2.4 Intensitas Nyeri dan Pengukurannya

  Intensitas nyeri adalah gambaran tentang seberapa parah nyeri dirasakan oleh individual, artinya nyeri dengan intensitas yang sama dapat dirasakan berbeda oleh dua orang yang berbeda (Tamsuri, 2007). Nyeri bersifat subjektif, seorang perawat harus dapat meyakini nyeri yang dirasakan pasien. Selain itu, agar nyeri dapat dinilai lebih objektif maka dilakukan pengukuran. Pengukuran nyeri dengan pendekatan objektif yang paling mungkin adalah menggunakan respon fisiologik tubuh terhadap nyeri itu sendiri. Namun, pengukuran dengan teknik ini juga tidak dapat memberikan gambaran pasti tentang nyeri itu sendiri (Tamsuri, 2007).

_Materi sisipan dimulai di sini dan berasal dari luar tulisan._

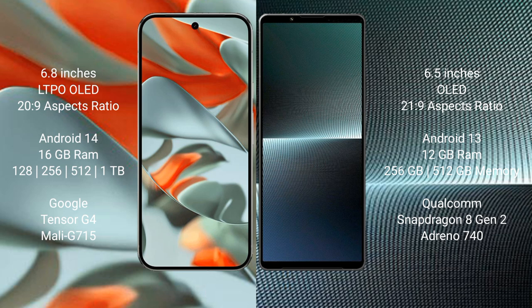Google Pixel 9 Pro XL runs on the Android 14 operating system. Sony Xperia 1 Mark 5 runs on the Android 13 operating system.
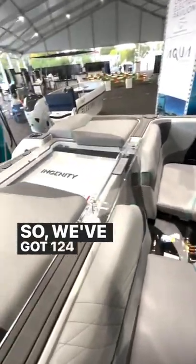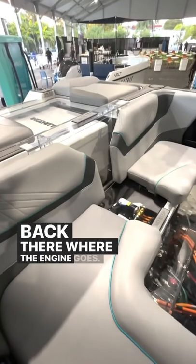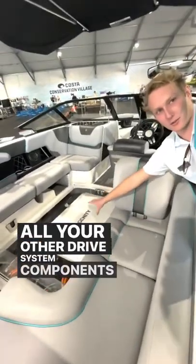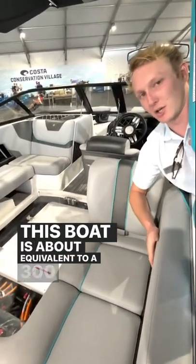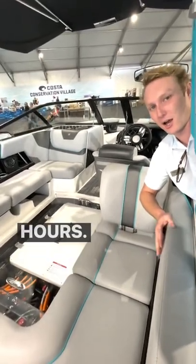We've got a 124 kWh battery back there, where the engine normally goes. The electric motor is down here, along with all the other drive system components where the fuel tank is normally at. This boat is about equivalent to a 300 horsepower engine, and you can surf behind it for two to three hours.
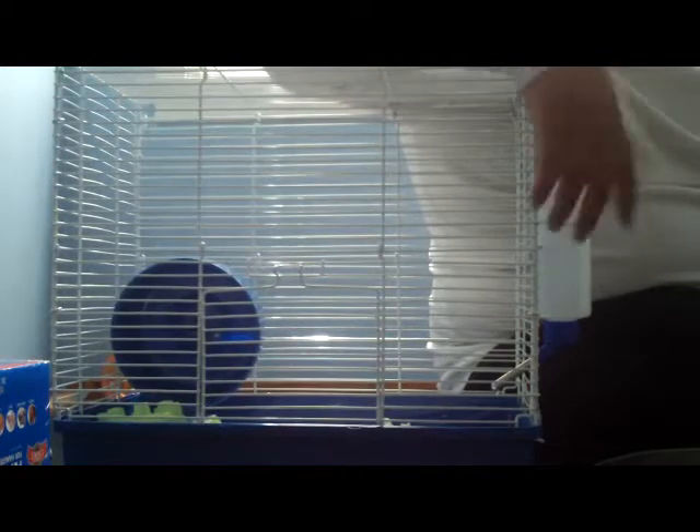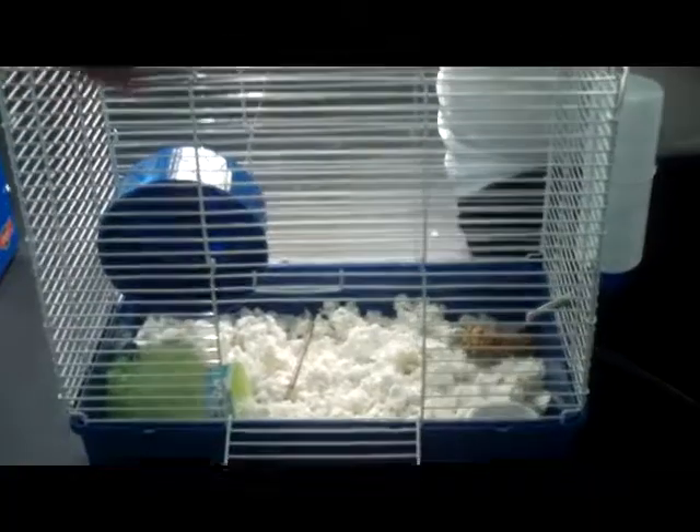This is my hamster cage tour. So what I use for my cage, I use Carefresh bedding because it's recyclable and eco-friendly.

  Skala pengukuran nyeri menurut Agency for Health Care Policy dan Research (AHCPR ) dalam (Brunner dan Suddart, 2001) terdiri dari:

  1. Skala Wajah Wong-Baker / Wong-Baker Faces Rating Scale Skala wajah biasanya digunakan untuk anak-anak yang berusia kurang dari 7 tahun. Pasien diminta untuk memilih gambar wajah yang sesuai dengan nyerinya.

  Pilihan ini kemudian diberi skor angka. Skala wajah Wong-Baker menggunakan 6 kartun wajah yang menggambarkan wajah tersenyum, wajah sedih, sampai menangis.

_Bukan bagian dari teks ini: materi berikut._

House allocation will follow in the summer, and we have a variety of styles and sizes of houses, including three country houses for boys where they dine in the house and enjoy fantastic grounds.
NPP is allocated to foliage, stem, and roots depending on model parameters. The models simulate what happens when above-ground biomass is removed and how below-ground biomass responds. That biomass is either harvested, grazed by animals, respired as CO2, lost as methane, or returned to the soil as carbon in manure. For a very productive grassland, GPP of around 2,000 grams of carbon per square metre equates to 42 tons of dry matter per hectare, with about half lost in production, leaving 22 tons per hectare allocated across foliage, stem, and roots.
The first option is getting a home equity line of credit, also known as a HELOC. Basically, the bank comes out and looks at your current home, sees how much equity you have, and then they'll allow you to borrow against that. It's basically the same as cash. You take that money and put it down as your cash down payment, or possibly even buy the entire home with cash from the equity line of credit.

  Dan pada tiap wajah ditandai dengan skor 0 sampai dengan 5.

  Gambar 1. Skala Wajah Wong-Baker

2. Skala Analog Visual / Visual Analogue Scale (VAS)

  Skala analog visual tidak melebel subdivisi. VAS adalah suatu garis lurus setiap ujungnya. Skala ini memberi klien kebebasan penuh untuk mengidentifikasi keparahan nyeri. VAS dapat merupakan pengukuran keparahan nyeri yang lebih sensitif karena klien dapat mengidentifikasi setiap titik pada rangkaian dari pada dipaksa memilih satu kata atau satu angka. Skala nyeri harus dirancang sehingga skala tersebut mudah digunakan dan tidak menghabiskan banyak waktu saat klien melengkapinya. Apabila klien dapat membaca dan memahami skala, maka deskripsi nyeri akan lebih akurat. Skala deskritif bermanfaat bukan saja dalam upaya mengkaji tingkat keparahan nyeri, tapi juga, mengevaluasi perubahan kondisi klien. Perawat dapat menggunakan setelah terapi atau saat gejala menjadi lebih memburuk atau menilai apakah nyeri mengalami penurunan atau peningkatan (Potter & Perry, 2006).

  Tidak ada nyeri Nyeri Sangat Hebat

  Gambar 2. Skala Analog Visual / Visual Analog Scale

  3. Skala Penilaian Numerik / Numeric Rating Scale Skala ini menggunalan angka 0 sampai dengan 10 untuk menggambarkan ini sama seperti pada VAS. NRS lebih bermanfaat pada periode post operasi karena selain angka 0-10, penilaian berdasarkan kategori juga dilakukan pada penelitian ini. (Nilsons, 2008; Rospond, 2008)

  Skala 0 dideskripsikan sebagai tidak ada nyeri, skala 1-3 dideskripsikan sebagai nyeri ringan yaitu ada rasa nyeri (mulai terasa tapi masih dapat ditahan). Lalu skala 4-6 dideskripsikan sebagai nyeri sedang yaitu ada nyeri, teras mengganggu dengan usaha yang cukup kuat untuk menahannya. Skala 7-10 dideskripsikan sebagai nyeri berat yaitu ada nyeri, terasa sangat mengganggu / tidak tertahankan sehingga harus meringis, menjerit atau berteriak. (Mc.Caferry & Beebe, 1993).

  Hal ini juga sependapat dengan pendapat dari (Serlin dkk, 1995 dalam Harahap, 2007) yang menyatakan bahwa NRS digunakan untuk ukuran intensitas nyeri (segera atau sekarang). Skala terdiri dari 11 poin yang mana 0 menunjukkan tidak ada nyeri dan 10 menunjukkan nyeri sangat berat, penilaian dari 1-4 disamakan dengan nyeri ringan, 5-6 untuk nyeri sedang, dan 7-10 untuk nyeri berat.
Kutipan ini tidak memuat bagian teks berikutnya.